Opposing View: Department of Transportation prioritizes airline interests over the rights of travelers
| Opinion contributor
I don’t think anyone who travels by plane these days would describe it as a pleasurable experience. But for people with disabilities, the air travel misery is exponential.
Try taking a red eye from Los Angeles to Boston without using the bathroom because the toilets are inaccessible. Or finding your wheelchair broken upon arrival. Or missing the flight completely because you are deaf and could not hear the announcement that your plane was moved to a different gate. These are all common experiences for travelers with disabilities.
Regulations issued last week by the Department of Transportation (DOT) will limit service animals to dogs, require advance notice and documentation to travel with a service animal, and open the door for airlines to ban emotional support animals.
These changes will only make the experiences of travelers with disabilities worse. Considering the airlines’ abysmal record of mistreating people with disabilities — passengers filed nearly 31,000 disability-related complaints against U.S. carriers in 2018 — I have no faith that they will administer this new system fairly.
Imagine getting a phone call that your mother is seriously ill. In that distressing situation, with the new DOT regulations, you would have to leave your emotional support animal behind. Service dogs can be brought along but only if you have the right paperwork and trust that an industry notorious for ignoring customers’ circumstances will accommodate you.

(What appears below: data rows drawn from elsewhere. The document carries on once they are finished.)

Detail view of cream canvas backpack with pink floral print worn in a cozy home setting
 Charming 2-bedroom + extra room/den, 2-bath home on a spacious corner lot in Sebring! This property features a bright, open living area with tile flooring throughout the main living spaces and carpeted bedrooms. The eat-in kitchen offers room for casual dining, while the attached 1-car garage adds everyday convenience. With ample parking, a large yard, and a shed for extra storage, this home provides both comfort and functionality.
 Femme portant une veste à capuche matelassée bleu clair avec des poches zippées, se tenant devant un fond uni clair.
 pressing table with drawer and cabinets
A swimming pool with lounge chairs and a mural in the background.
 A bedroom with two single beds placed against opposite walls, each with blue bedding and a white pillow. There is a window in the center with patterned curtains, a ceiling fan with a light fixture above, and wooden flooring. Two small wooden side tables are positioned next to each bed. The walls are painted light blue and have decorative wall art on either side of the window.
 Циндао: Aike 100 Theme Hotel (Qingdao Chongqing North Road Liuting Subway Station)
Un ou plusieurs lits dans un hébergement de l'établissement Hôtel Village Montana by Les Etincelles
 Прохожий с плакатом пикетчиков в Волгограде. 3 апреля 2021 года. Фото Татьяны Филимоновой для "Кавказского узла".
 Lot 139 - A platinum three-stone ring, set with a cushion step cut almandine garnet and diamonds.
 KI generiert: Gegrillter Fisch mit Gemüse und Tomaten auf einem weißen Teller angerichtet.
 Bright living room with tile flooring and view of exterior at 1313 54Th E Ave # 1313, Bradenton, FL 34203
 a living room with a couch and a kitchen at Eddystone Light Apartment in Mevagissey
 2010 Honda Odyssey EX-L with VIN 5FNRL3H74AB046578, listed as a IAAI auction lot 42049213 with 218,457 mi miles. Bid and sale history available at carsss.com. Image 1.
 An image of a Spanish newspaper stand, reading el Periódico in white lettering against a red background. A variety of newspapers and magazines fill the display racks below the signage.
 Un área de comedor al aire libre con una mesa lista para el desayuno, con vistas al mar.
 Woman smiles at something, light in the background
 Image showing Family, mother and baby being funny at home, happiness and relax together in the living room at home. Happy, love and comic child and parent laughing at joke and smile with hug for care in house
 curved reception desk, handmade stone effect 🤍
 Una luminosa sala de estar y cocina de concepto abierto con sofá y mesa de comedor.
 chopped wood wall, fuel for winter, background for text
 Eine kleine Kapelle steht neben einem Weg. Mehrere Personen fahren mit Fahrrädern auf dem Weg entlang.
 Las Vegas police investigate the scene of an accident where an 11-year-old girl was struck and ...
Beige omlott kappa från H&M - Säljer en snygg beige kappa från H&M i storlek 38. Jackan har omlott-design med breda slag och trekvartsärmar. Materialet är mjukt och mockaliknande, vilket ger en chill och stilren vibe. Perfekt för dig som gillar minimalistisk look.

Yes, there are people who don’t rely on emotional support animals who have taken advantage of the law in order to avoid the fee for their pet. But people with disabilities should not have to pay the price for other people’s malfeasance.
Effectively, the new rule makes it so that some people with disabilities can no longer travel by air in the same way as everyone else.
The regulations are fundamentally unfair, prioritizing corporate interests over the rights of Americans with disabilities. We believe that the provisions dealing with emotional support animals should be rescinded.
Curt Decker is the executive director of the National Disability Rights Network.